*instantly tell whether an arbitrary sentence is grammatical or not* You do real...

make3 · on June 14, 2021

"You do realize we can train a neural network to perform this task"

I'm doing a master's in deep learning for NLP and I'm not sure we can. Language modelling can't do this because grammatical yet semantically implausible combinations of words yield very low perplexity, like the classic being Noam Chomsky's "Colorless green ideas sleep furiously".

What would be a training set for this? I assume we would first try to do parsing to extract the grammatical role of each word. Then what would be the dataset? A massive attempt at generating the set of all possible trees that are grammatical?

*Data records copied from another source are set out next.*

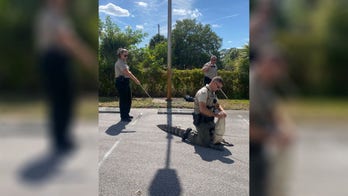 Alligator chases people through Wendy's parking lot in Florida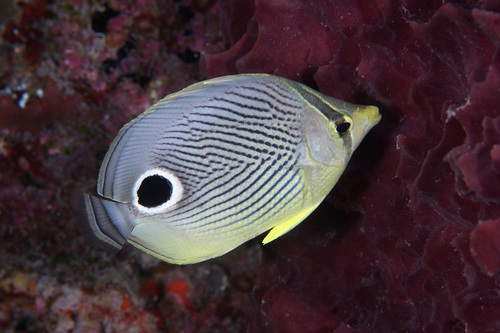 Four-eyed Butterflyfish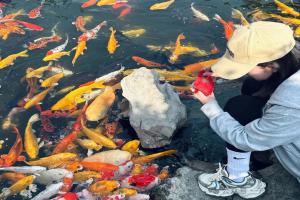 养鱼喂食别瞎喂！遵守这5条，鱼很少生病、寿命更长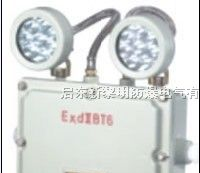 供应BCJ防爆应急灯,双头防爆应急灯,消防防爆应急灯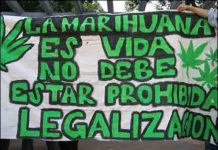 En EEUU se apoya la legalización más que en Europa En EEUU se apoya la legalización más que en Europa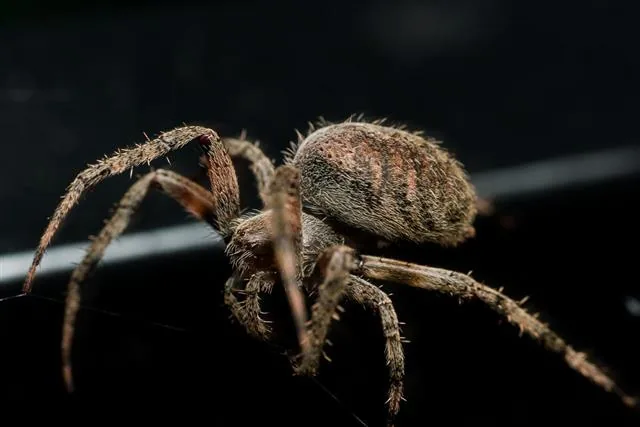 An orb-weaving spider on its web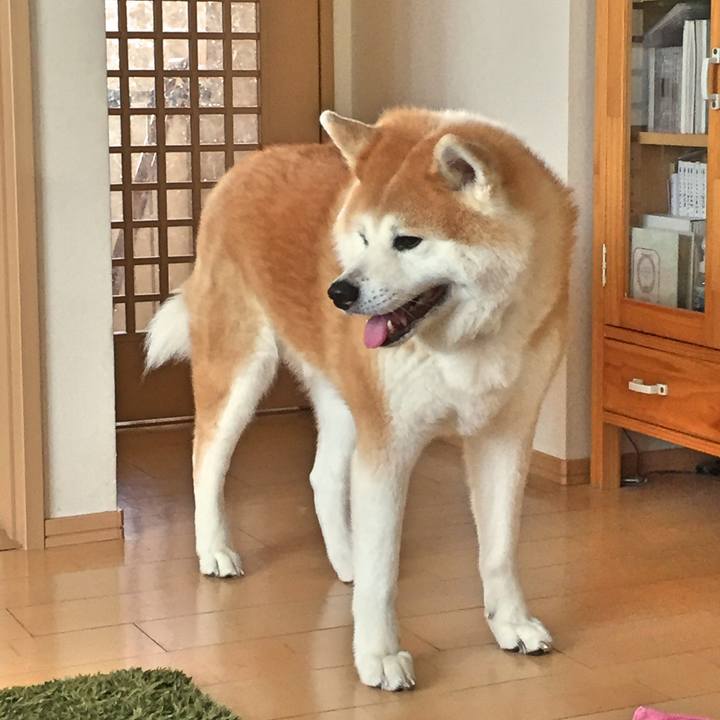 1778a799 3ba0 4ffb b696 24baca63b413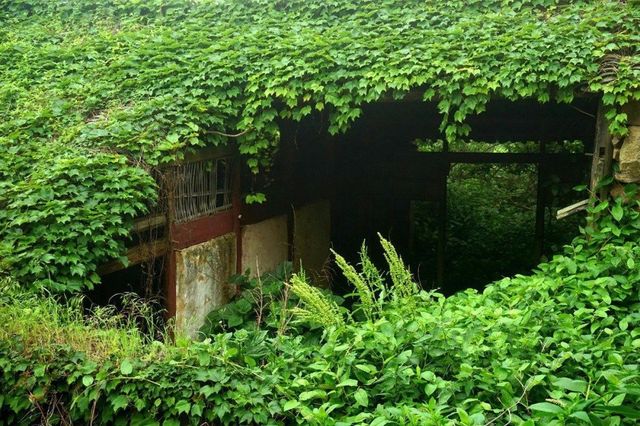 У полоні природи: як виглядає закинуте поселення у Китаї - фото 168169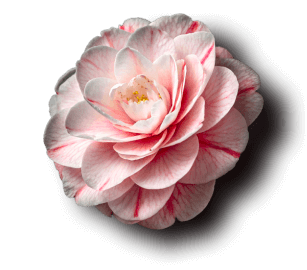 Camellia Oil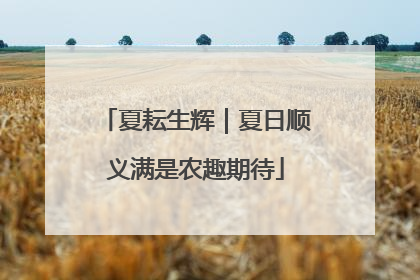 夏耘生辉｜夏日顺义满是农趣期待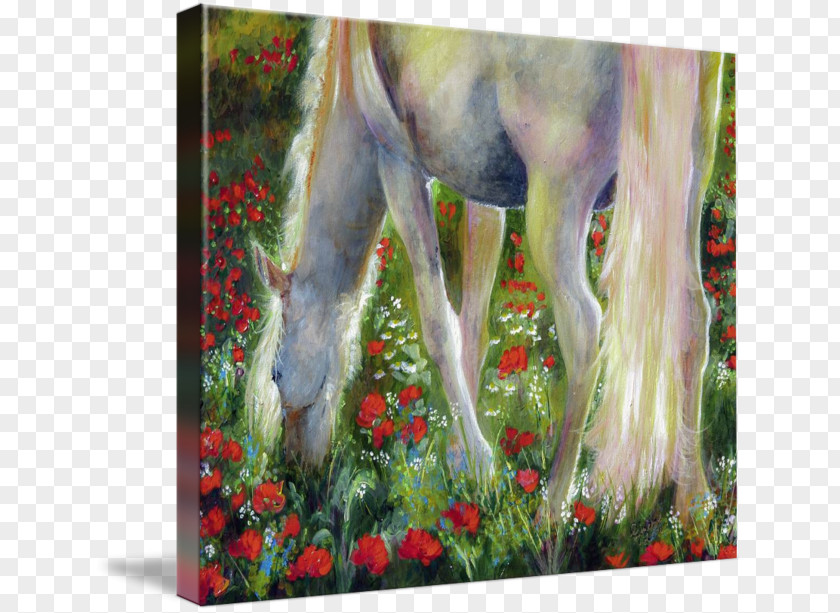 Poppy Field Watercolor Painting Gallery Wrap Acrylic Paint PNG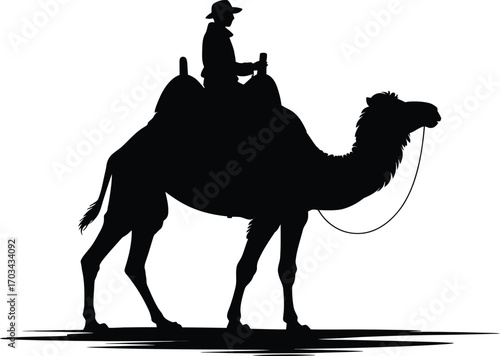 Camel rider silhouette desert travel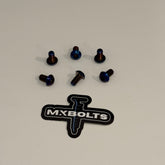Fork Guard Titanium Bolts (All Emoto)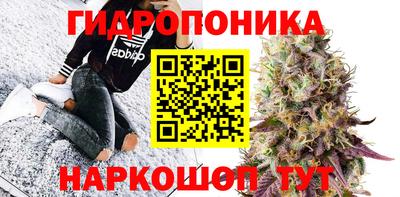 apvp Надым
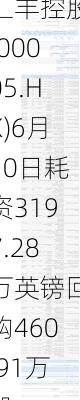 汇丰控股(00005.HK)6月10日耗资3197.28万英镑回购460.91万股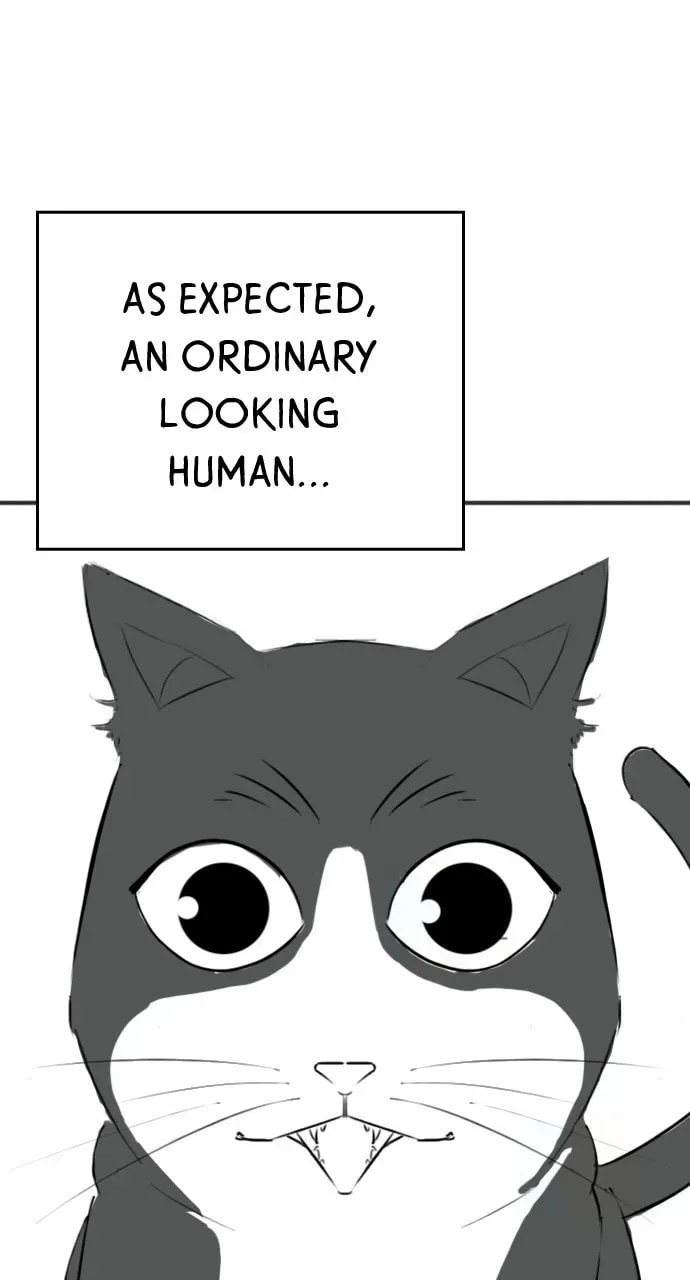 Read Reality Quest chapter 5.1 image 51 on Lezhin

I guess we could use massive textual datasets from reputable sources and extract their grammatical role tree, and learn from that. Generating negative examples with sufficient coverage would be very hard. Strict generative modelling without negative examples with good coverage would see the same problem as with language modelling, where acceptable but unlikely examples would have low perplexity despite being good.

It would seem to me that in order to generate negative examples with good coverage, your would need to have a man made program with a definition of what grammaticality means, which would make making a neural network useless to begin with.

Seems like the experts agree with my take: https://linguistics.stackexchange.com/a/1108

p1esk · on June 14, 2021

Constructing a training dataset is a separate problem. You could potentially crowdsource enough negative examples. Once you have the dataset, a neural network would most likely be able to learn to classify sentences with a reasonably good accuracy.

Unlike current DL models, humans have a world model (common sense) which is formed through an ability to create/update/lookup explicit rules/facts. Once we figure out how to incorporate that into a learning algorithm and/or a model architecture, AI will become a lot smarter.

alecst · on June 14, 2021

If we can train a computer to classify sentences as grammatical or not please let me know where. You’ll save the linguistics department a lot of money as they’ll no longer have to contact native speakers for this research.

xapata · on June 13, 2021

Humans require fewer examples to learn language rules. It's not clear that humans use the same learning model a "deep net."

p1esk · on June 13, 2021

Humans also require a lot of examples to learn a language - years of everyday practice for a young human. Learning algorithms are not the same, but you still need to train a large neural network - lots of neurons with lots of connections (weights) - whether it's in your head or in a datacenter.

alecst · on June 14, 2021

There’s some evidence that humans have a Universal Grammar and learn through deletion. And humans can not learn any old language — only a restricted class — meanwhile there’s no reason to think that an ML model would have that problem.

I’d encourage you to read a little more about the topic with an open mind. You might learn something.